Would you copy exactly the lines in the data below from the one that has "afbeelding 4 Unimog" through the one that has "Mini-depa Studio 48m2", dropping any pictures?
■ ■ ■ ■ ■ ■ ■
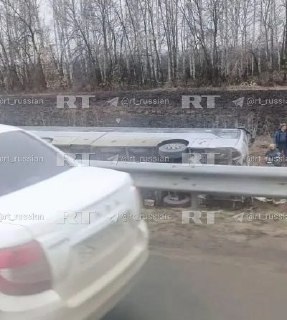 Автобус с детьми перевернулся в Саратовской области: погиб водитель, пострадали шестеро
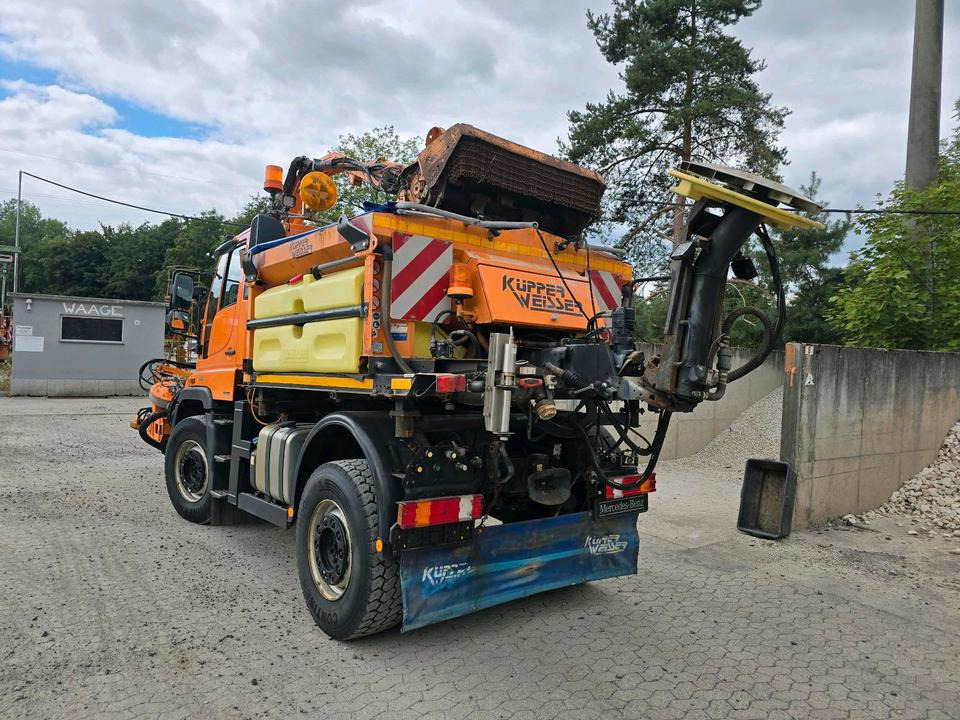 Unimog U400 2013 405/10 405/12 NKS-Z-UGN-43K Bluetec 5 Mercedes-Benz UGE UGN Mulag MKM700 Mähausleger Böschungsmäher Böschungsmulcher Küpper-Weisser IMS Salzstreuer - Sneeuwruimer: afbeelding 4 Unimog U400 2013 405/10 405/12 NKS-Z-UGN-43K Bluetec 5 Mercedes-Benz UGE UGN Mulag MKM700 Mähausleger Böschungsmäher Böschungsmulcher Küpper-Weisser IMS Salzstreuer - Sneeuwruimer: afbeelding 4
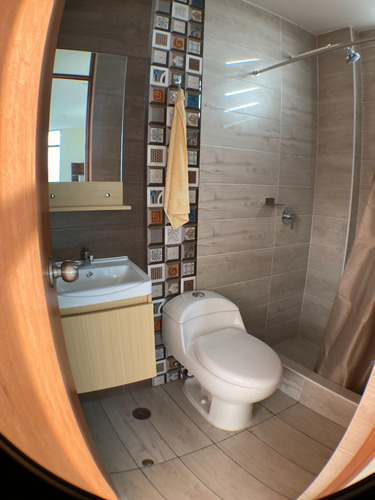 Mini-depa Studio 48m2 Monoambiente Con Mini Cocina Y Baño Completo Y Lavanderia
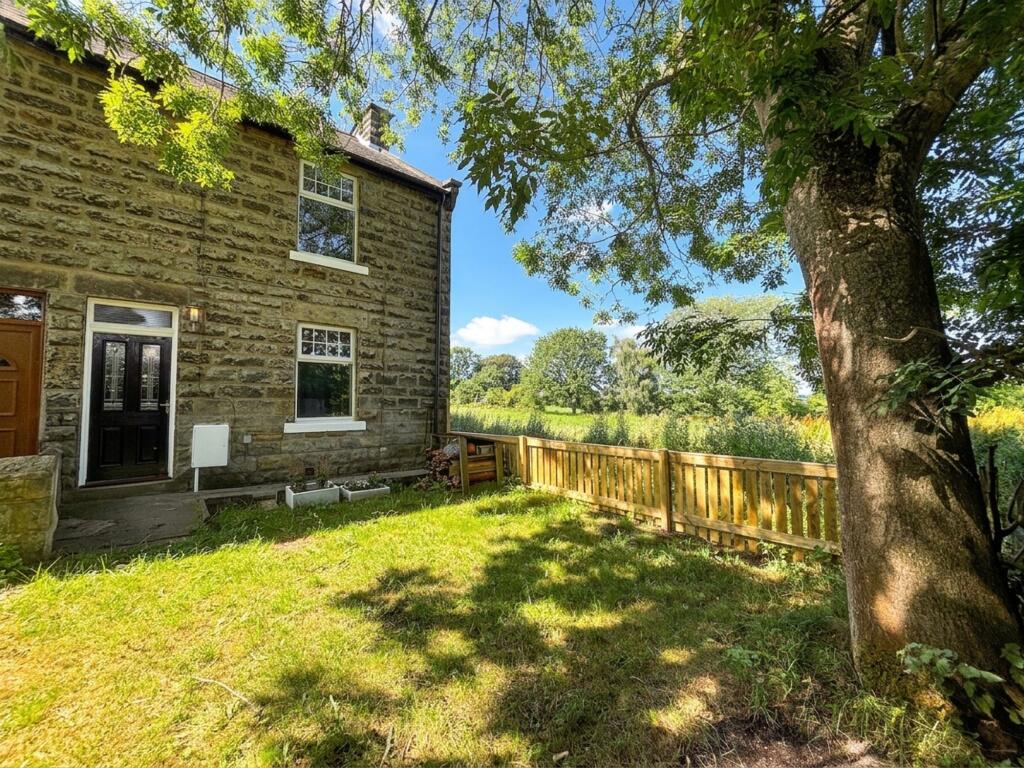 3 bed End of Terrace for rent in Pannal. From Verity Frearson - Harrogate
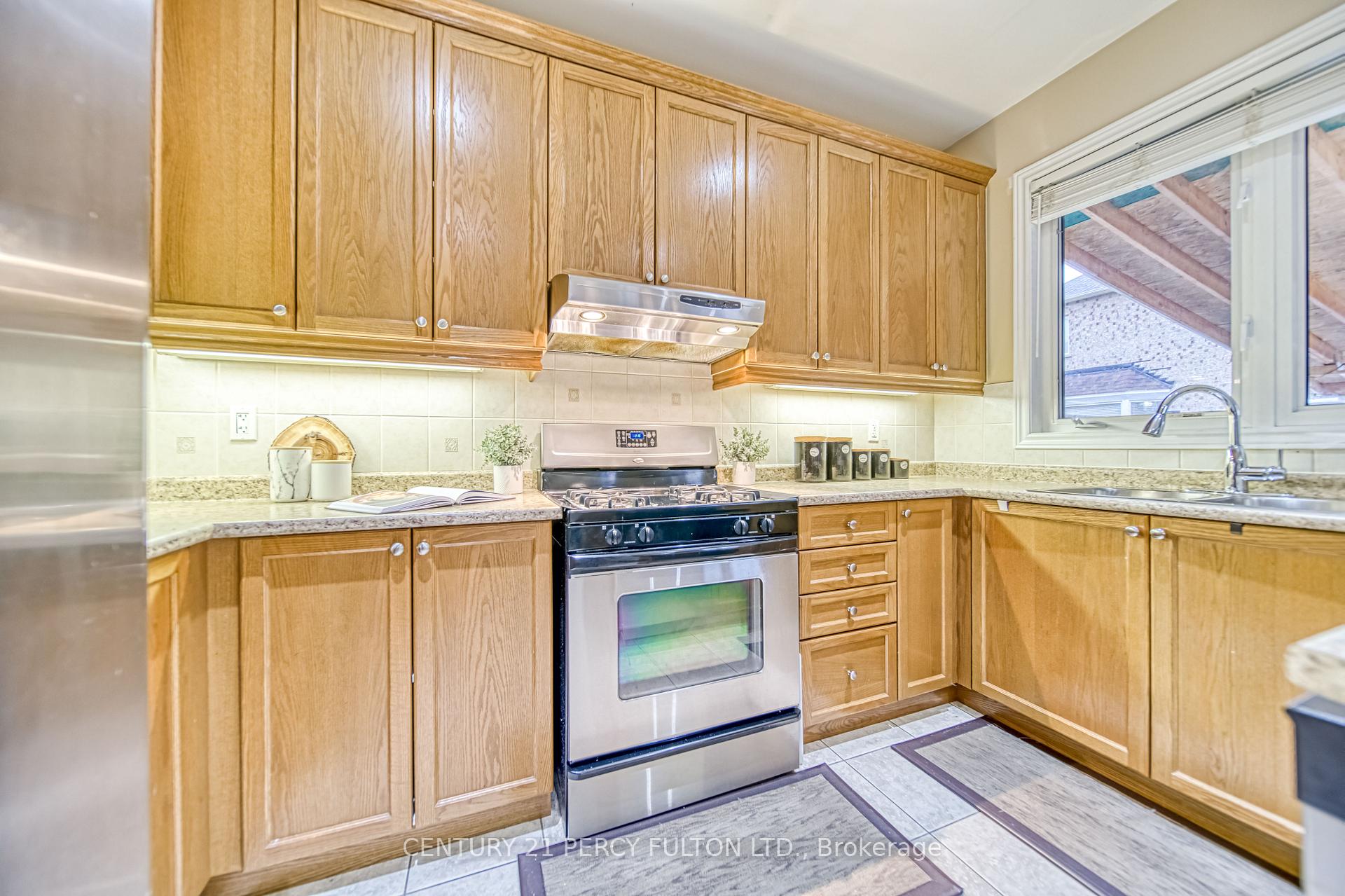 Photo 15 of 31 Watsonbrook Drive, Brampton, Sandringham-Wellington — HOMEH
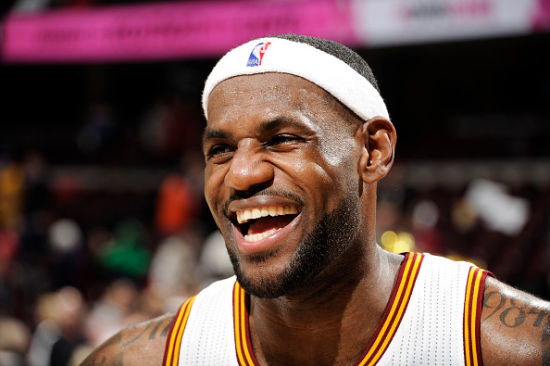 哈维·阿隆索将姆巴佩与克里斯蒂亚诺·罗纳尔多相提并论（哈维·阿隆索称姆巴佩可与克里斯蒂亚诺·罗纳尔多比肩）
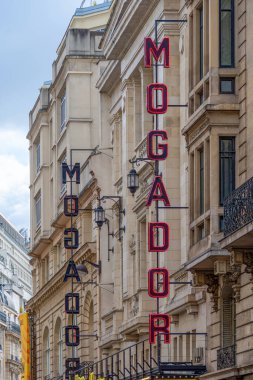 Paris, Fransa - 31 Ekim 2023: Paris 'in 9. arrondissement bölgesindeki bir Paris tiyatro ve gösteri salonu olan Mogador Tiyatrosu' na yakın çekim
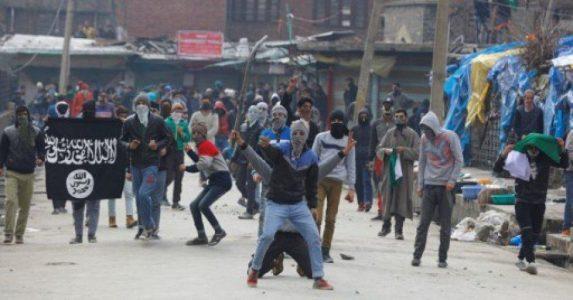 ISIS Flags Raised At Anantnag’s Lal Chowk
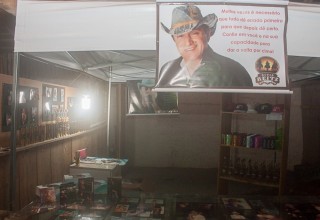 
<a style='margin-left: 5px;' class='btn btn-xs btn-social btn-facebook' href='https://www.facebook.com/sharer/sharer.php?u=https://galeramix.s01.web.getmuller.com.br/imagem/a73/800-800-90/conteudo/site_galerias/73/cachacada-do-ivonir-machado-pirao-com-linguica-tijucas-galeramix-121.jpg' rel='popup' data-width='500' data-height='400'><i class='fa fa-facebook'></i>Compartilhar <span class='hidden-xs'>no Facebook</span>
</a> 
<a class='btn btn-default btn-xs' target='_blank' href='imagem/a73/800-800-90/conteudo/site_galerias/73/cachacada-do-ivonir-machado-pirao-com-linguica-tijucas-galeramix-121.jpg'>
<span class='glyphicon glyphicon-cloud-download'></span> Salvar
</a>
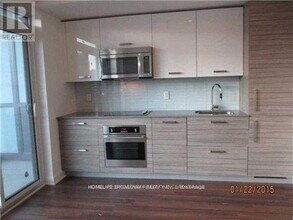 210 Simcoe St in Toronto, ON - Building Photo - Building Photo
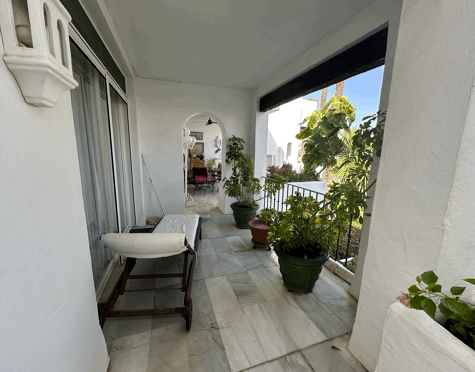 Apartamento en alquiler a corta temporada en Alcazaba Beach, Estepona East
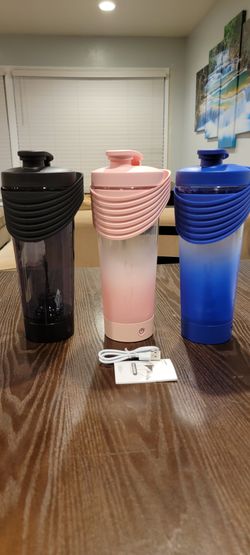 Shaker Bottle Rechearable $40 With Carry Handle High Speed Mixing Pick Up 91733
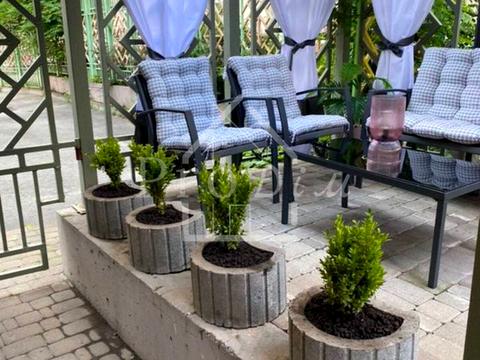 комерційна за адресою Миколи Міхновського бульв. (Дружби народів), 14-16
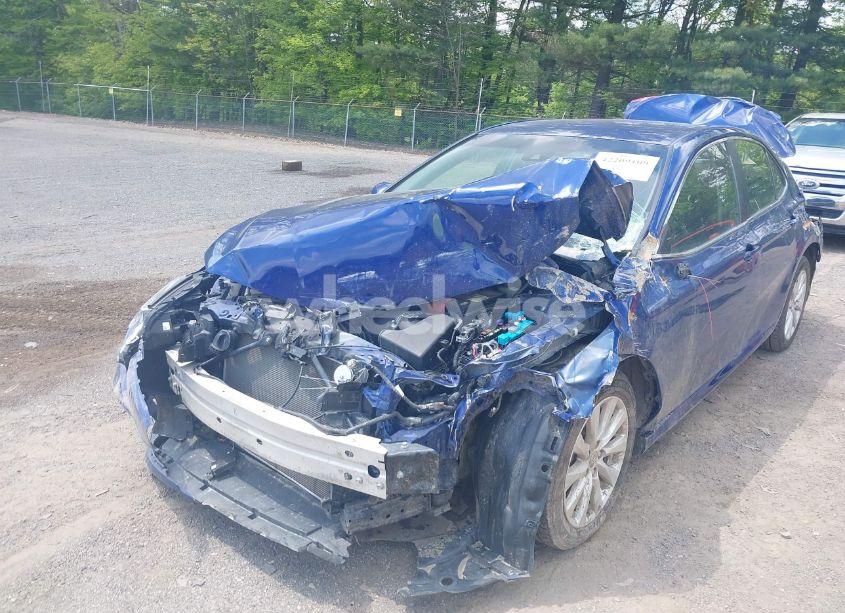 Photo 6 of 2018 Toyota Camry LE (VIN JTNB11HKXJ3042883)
■ ■ ■ ■ ■ ■ ■
- Solution for this problem -
 Unimog U400 2013 405/10 405/12 NKS-Z-UGN-43K Bluetec 5 Mercedes-Benz UGE UGN Mulag MKM700 Mähausleger Böschungsmäher Böschungsmulcher Küpper-Weisser IMS Salzstreuer - Sneeuwruimer: afbeelding 4 Unimog U400 2013 405/10 405/12 NKS-Z-UGN-43K Bluetec 5 Mercedes-Benz UGE UGN Mulag MKM700 Mähausleger Böschungsmäher Böschungsmulcher Küpper-Weisser IMS Salzstreuer - Sneeuwruimer: afbeelding 4
 Mini-depa Studio 48m2 Monoambiente Con Mini Cocina Y Baño Completo Y Lavanderia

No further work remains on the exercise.